Я бы не хотел никого ругать, но говорить о литературе с мсье Китонунца мне понравилось куда больше, чем сидеть на уроках нашей училки мамзель Петаз.
В школе нас учат всяким увлекательным вещам, но не всегда…
Иногда наши художественные способности подавляются, и самовыразиться нам не дают.
Например, музыку в нашем классе ведет мсье Кастаньет, по вторникам, с утра. В жизни музыка нравится мне так же сильно, как книжки, девочки в одних трусиках и заснеженные вершины, но уроки мсье Кастаньета – это совершенно из другой оперы.
Когда он входит в класс, все вытягиваются в струнку и хором приветствуют его: «Здравствуйте, господин Кастаньет», а он сухо так отвечает: «Присаживайтесь» – и бросает на нас косые взгляды, будто подозревая в самых что ни на есть преступных намерениях на свой счет.
Потом мы открываем тетради по музыке на определенной странице и начинаем:
Безвременники в лугах
Расцветают, расцветают,
Безвременники в лугах,
Август на дворе.
Петь нам полагается каноном, но ничего путного из этого никогда не выходит, зато учитель музыки просто выпрыгивает из штанов и вопрошает, сознаем ли мы, куда движется наша родная Франция и что ее ждет, если эти сопляки (то есть мы) даже не способны спеть народную песню, а на радио, на радио-то что творится, полнейший разгул, варварские ритмы, кажется, будто мы за границей… Нет, он не в силах выносить наше мерзкое пение и потому достает дудку.
Мсье Кастаньет дымит, как целая пожарная команда, такое ощущение, что, пока он выплевывает окурок, новая сигарета сама собой вырастает у него в уголке губ.
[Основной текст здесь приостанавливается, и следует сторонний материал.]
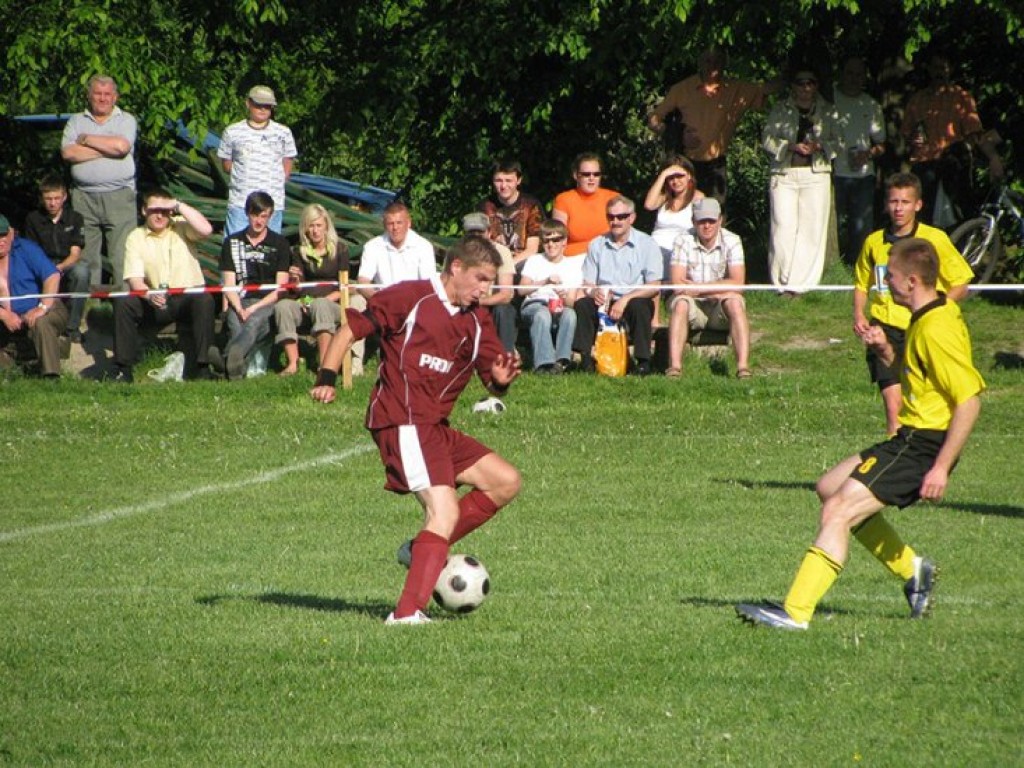 Mecz Pogorzanka Pogorzyce-Promyk Bolęcin 2-3 - 17.05.2009 r.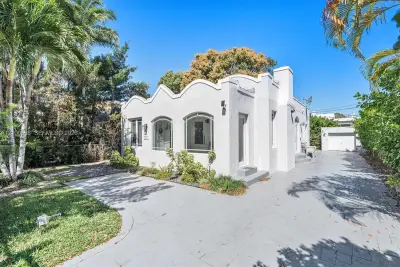 2231 SW 17th St, Miami: photo 1 of 40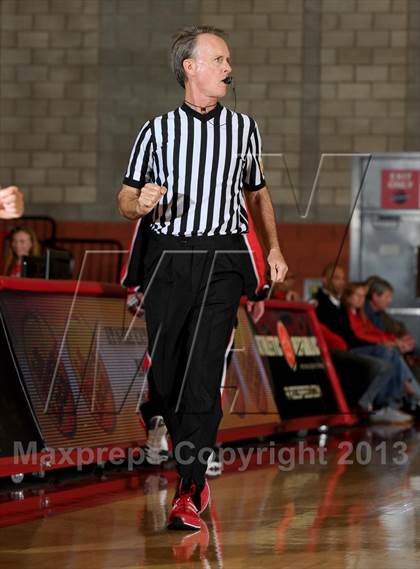 Thumbnail 2 in Mater Dei @ Oaks Christian (Nike Extravaganza) photogallery.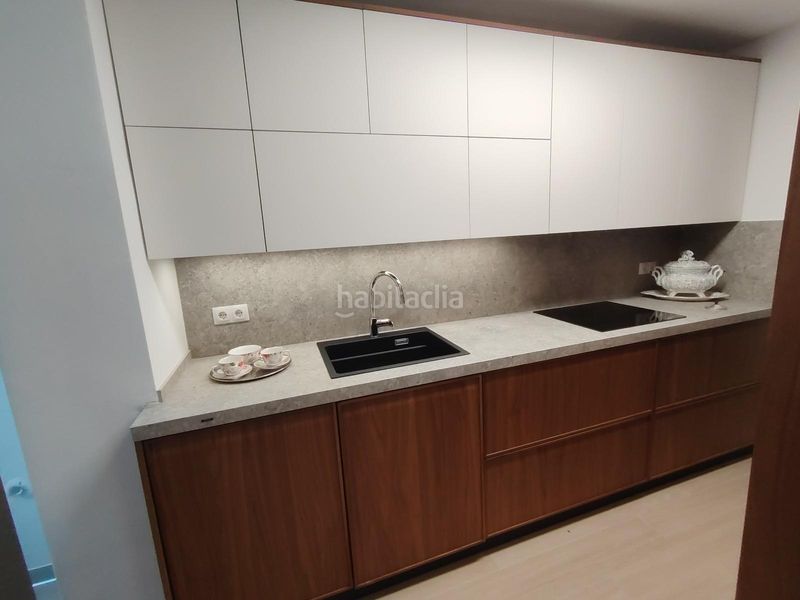Foto fba2a79d-cc0f-4b5a-ad17-5dcc91f2c25b. Lloguer apartament amb aparcament piscina a El Consul - Ciudad Universitaria - El Romeral Málaga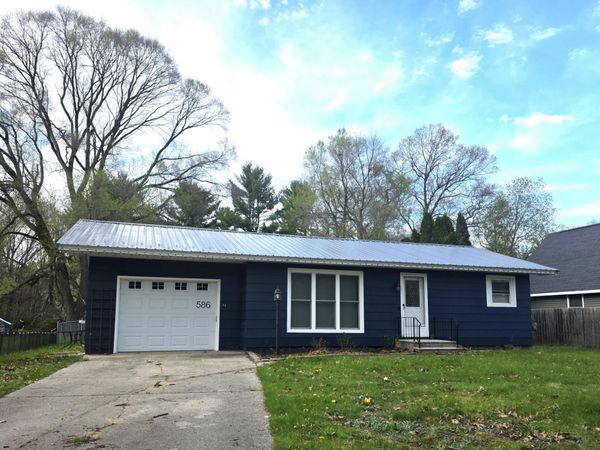 586 W River Road, Muskegon, MI 49445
В результате его дудка больше похожа на дымовую трубку, а еще – на водосточную трубу из фильмов про чикагских гангстеров.
Подудев и подымив, он спрашивает, кто из нас хотел бы сыграть. Мы сидим, уставившись на собственные ширинки. Никто не хочет пасть жертвой музыкального произвола и быть облаянным, потому что самое мягкое ругательство мсье Кастаньета – «рыба тухлая», а остальные будут покруче…
Поскольку добровольцев среди нас не находится, мсье Кастаньет лично вызывает кого-нибудь на расправу.
– Вот ты нам сыграешь «К чистому ручью»!
Никогда не забуду, как он потребовал: «Эй ты, Фалькоцци! Сыграй-ка нам „Звезду снегов", да чтоб от губ отскакивало!»
Тоже выдумал! Кем он себя вообразил, этот гнусный куряка? Мы у него поголовно заработаем рак легких еще до того, как волосы в паху отрастут.